[WHAT THE EXERCISE ASKS]
Exact copy, no pictures: every line from the one that contains "エポック 2018 ヤクルト ルーキーズ&スターズ 村上宗隆ルーキーカード" through the end of the data below, and nothing else.

[MATERIAL TO PROCESS]
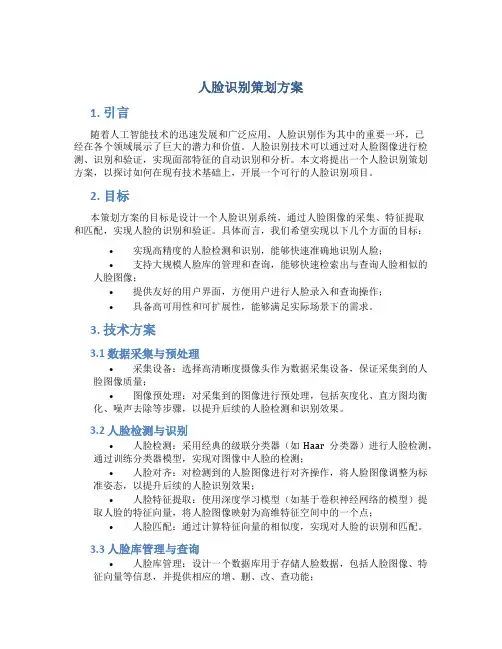 人脸识别策划方案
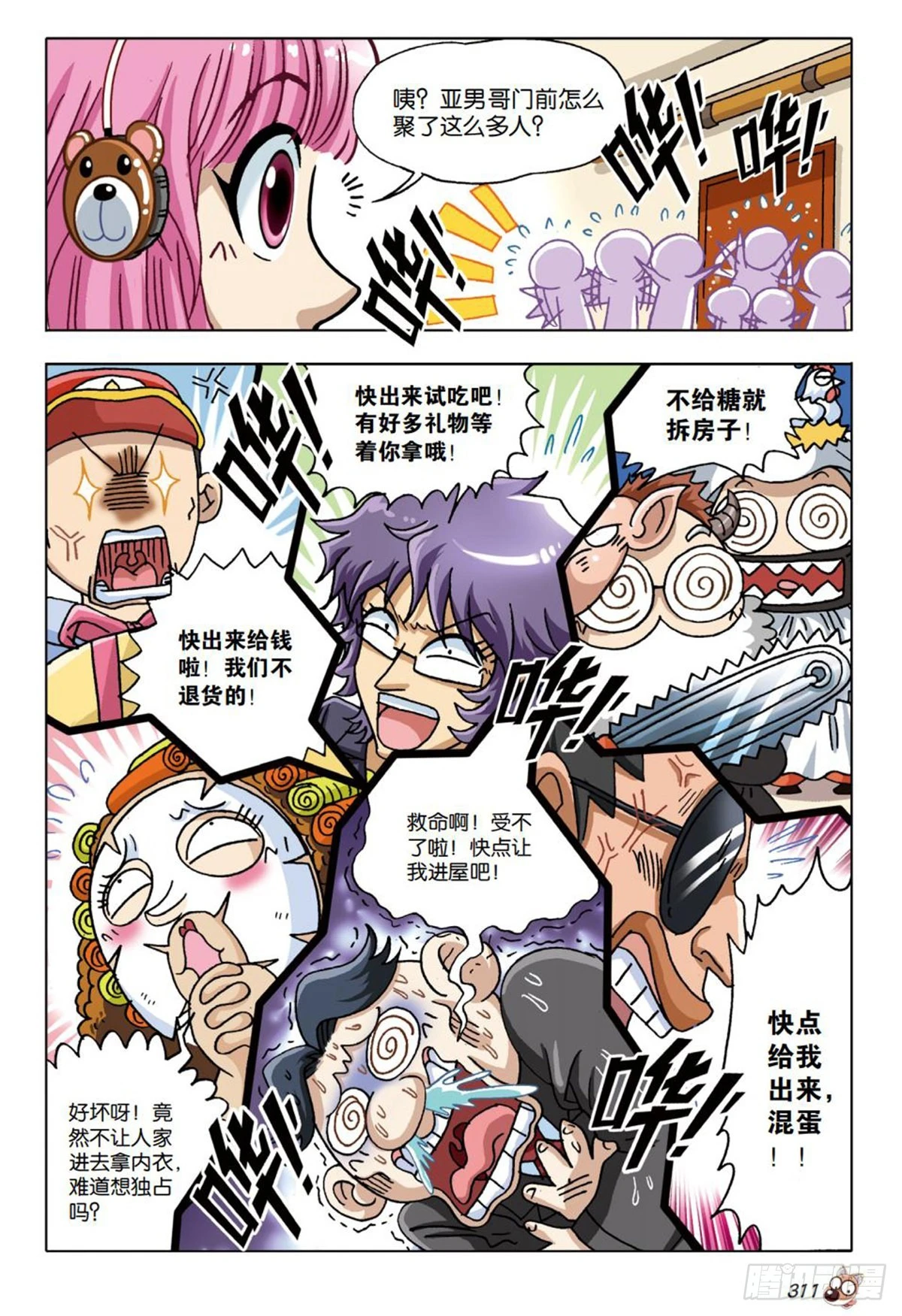 《园长驾到！》番外篇 下 第7页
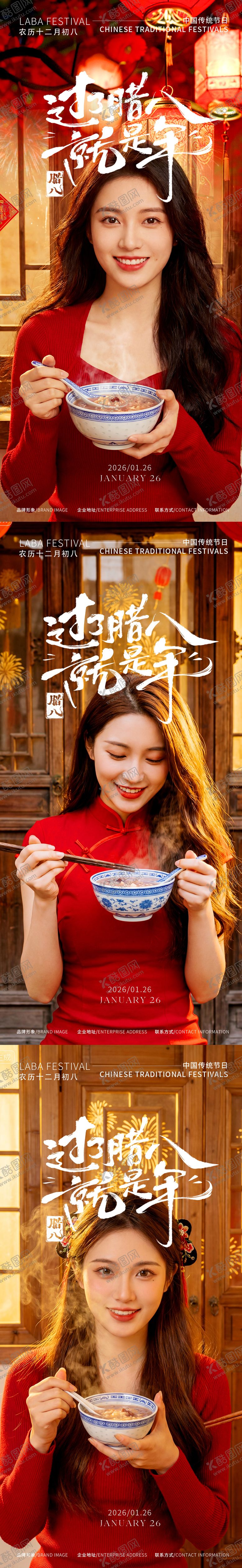 编号：57090601230208489526【酷图网】源文件下载-腊八节海报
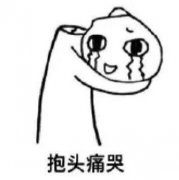 嘉興整形醫(yī)生工資多少錢(嘉興美容師工資一般多少錢一個月)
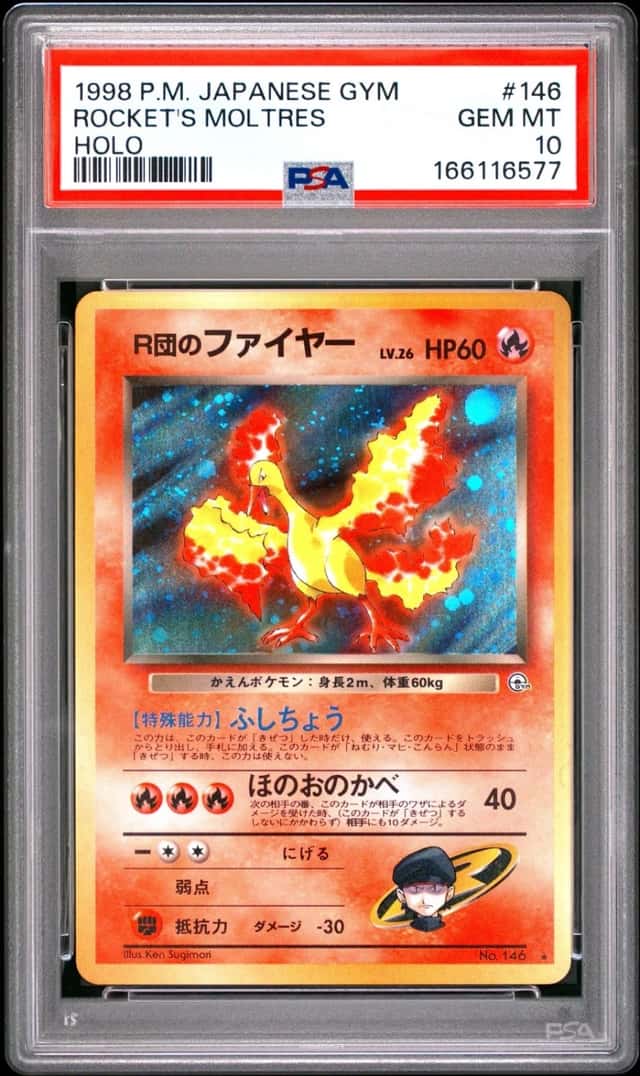 1998 POKEMON JAPANESE GYM #146 ROCKET'S MOLTRES-HOLO PSA 10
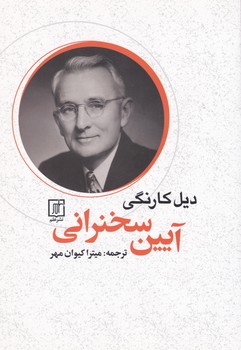 آیین‏ سخنرانی‏ / علم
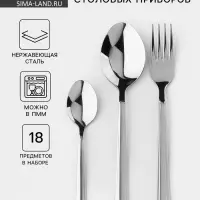 Набор столовый &laquo;Торжество&raquo;, 18 предметов, толщина 2 мм, картонная коробка, цвет серебряный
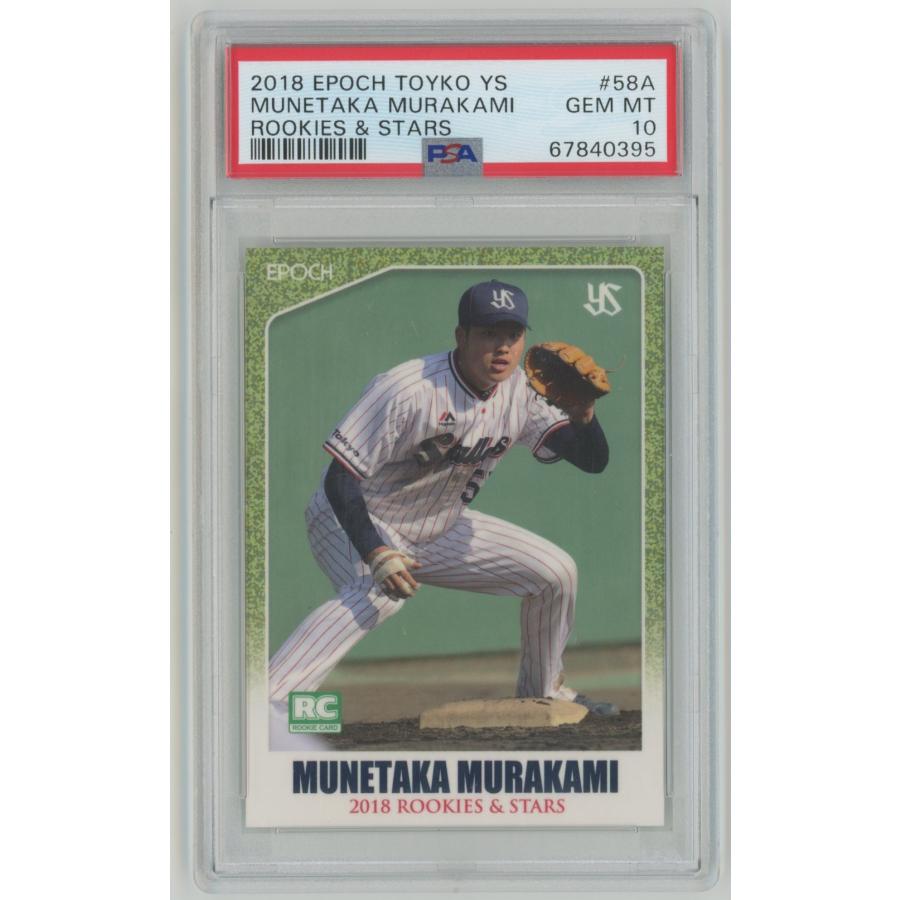 エポック 2018 ヤクルト ルーキーズ&スターズ 村上宗隆ルーキーカード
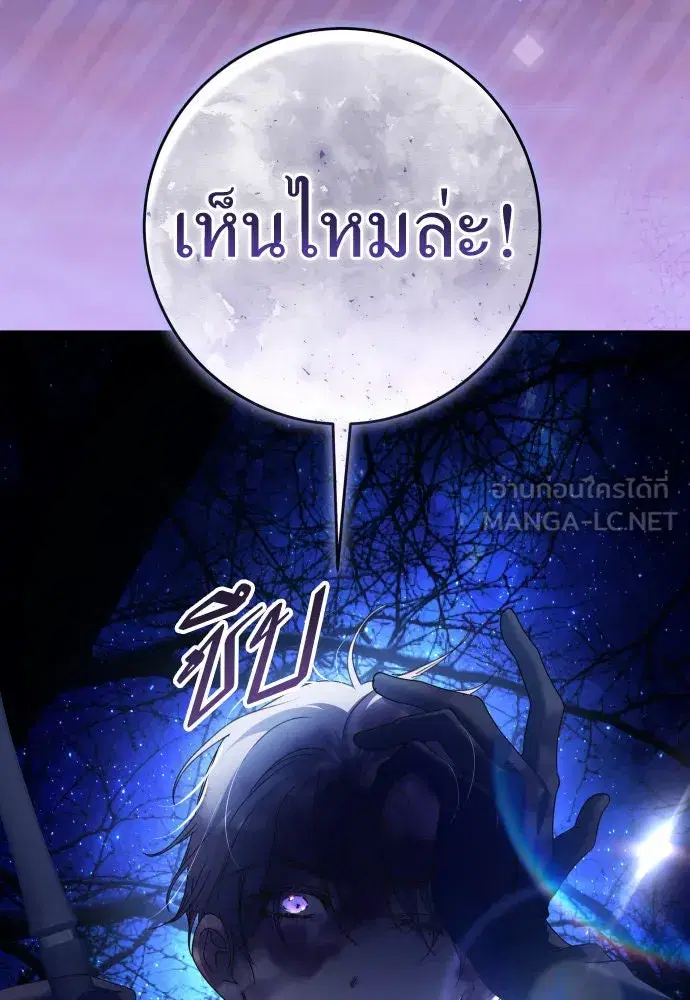 Your Throne ตอนที่ 224 หน้า 6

[RESULT BELOW]
 エポック 2018 ヤクルト ルーキーズ&スターズ 村上宗隆ルーキーカード
 Your Throne ตอนที่ 224 หน้า 6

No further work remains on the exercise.